Powered by Blogger.

Power Means (AM-GM Part 3)

In the last two posts on the AM-GM inequality (Part 1 and Part 2), I introduced two types of averages: the arithmetic mean and the geometric mean. We saw that the geometric mean was the more appropriate choice for portfolio returns (due to the compounding effect) and that the geometric mean is always less than the arithmetic mean (or equal when all inputs are equal).

In essence, the AM-GM inequality tells us that the GM weights smaller inputs more than the AM would; a loss in one year continues to affect a portfolio in the following years, since next year's percentage gain applies to a smaller portfolio balance.

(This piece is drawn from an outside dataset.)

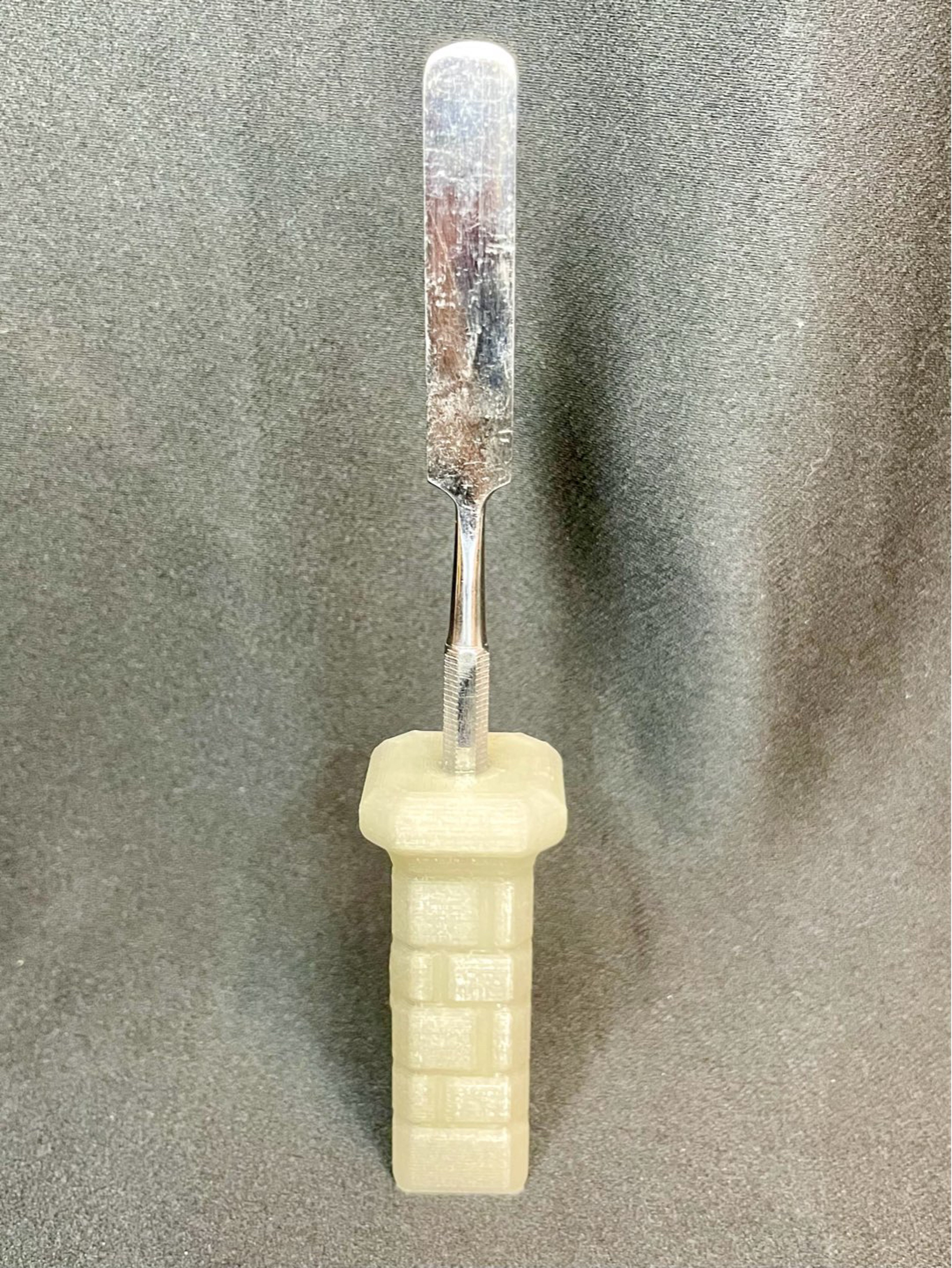 Preview pic of By the brick 3d printed dab tool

Thus the GM takes into account the relevance of the product of the inputs, while the AM applies when the sum of the inputs is most relevant.

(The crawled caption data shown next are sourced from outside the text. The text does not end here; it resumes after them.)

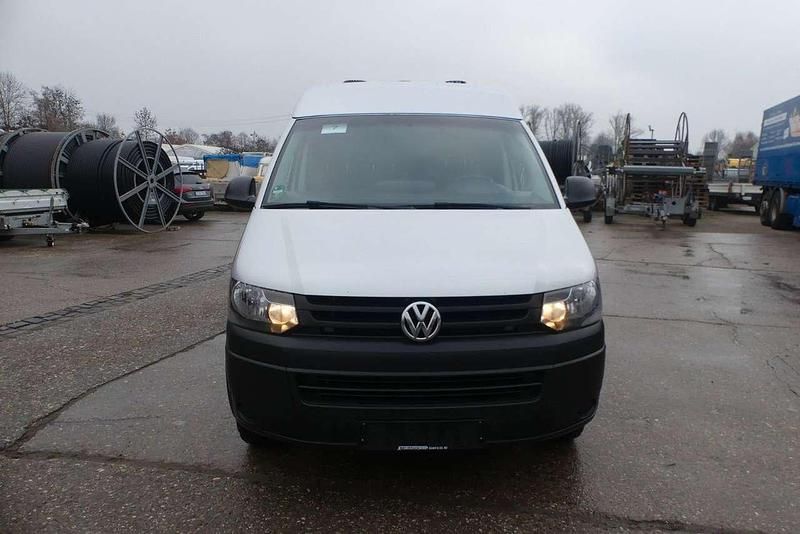 Gebraucht VW Transporter 140 PS (102 kW) 2015 Reflexsilber Van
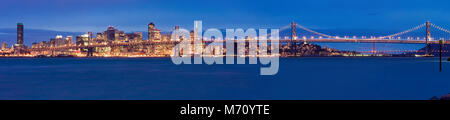San Francisco panorama di notte Foto Stock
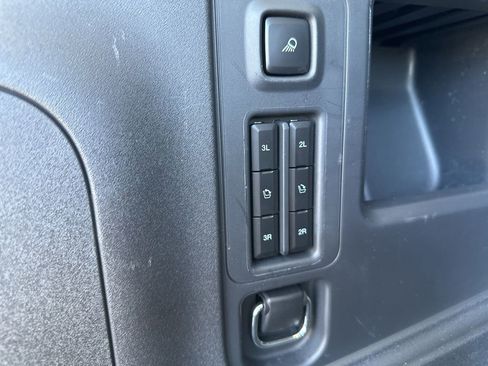 Used 2025 Ford Expedition Platinum AWD/4WD image 19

In this post, I will introduce a family of different "average" formulas and show how the AM-GM inequality is a special case of a more general result.

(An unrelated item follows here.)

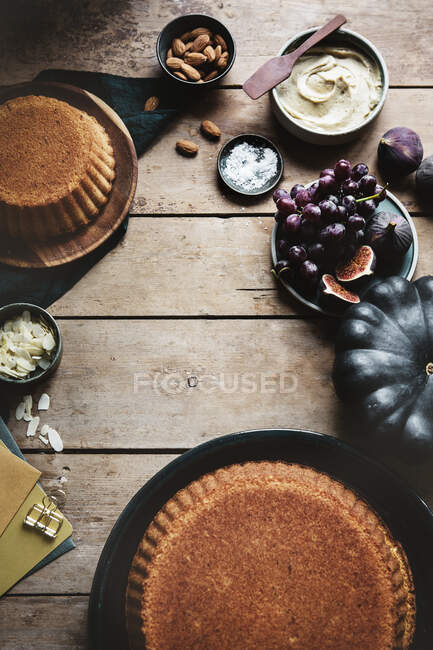 Zutaten für die Dekoration von Vanillekuchen mit Karamellzucker und frischen Feigen — Stockfoto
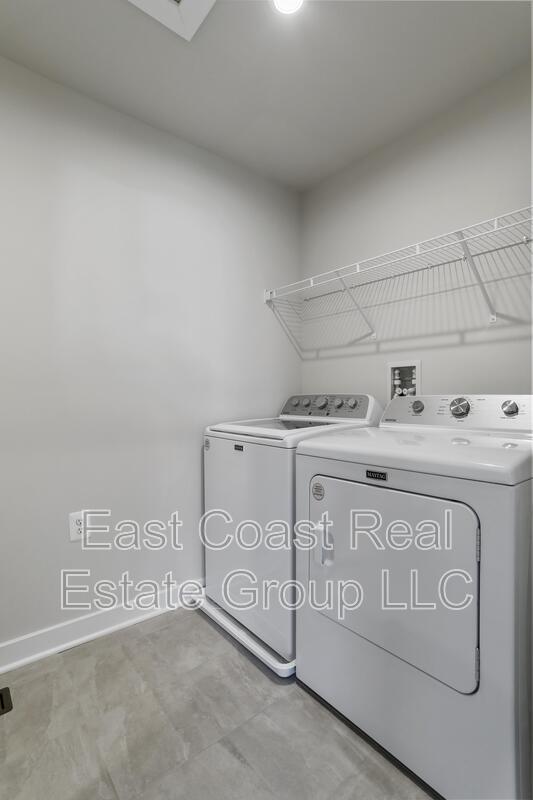 Building Photo - 632 Perspective Pl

The Harmonic Mean ($p=-1$)


Suppose we take a 3-leg trip where we travel 20 miles in 30 minutes (40 mph) in the first leg, 65 miles in 60 minutes (65 mph) in the second leg, and 90 miles in 90 minutes (60 mph) in the third leg. At the most basic level, our "average speed" for the trip should be the constant speed that one would need to travel for the total time, 180 minutes, to cover the total distance, 175 miles, or $$
\dfrac{175 \text{ miles}}{180 \text{ min}} \times \dfrac{60 \text{ min}}{1 \text{ hour}} = 58.33 \ \dfrac{\text{miles}}{\text{hour}}
$$ This is analogous to the portfolio example, in which the GM (CAGR) was the constant return which would yield the final portfolio value from the initial one by annual compounding (i.e. multiplying instead of adding) over the full time period in question.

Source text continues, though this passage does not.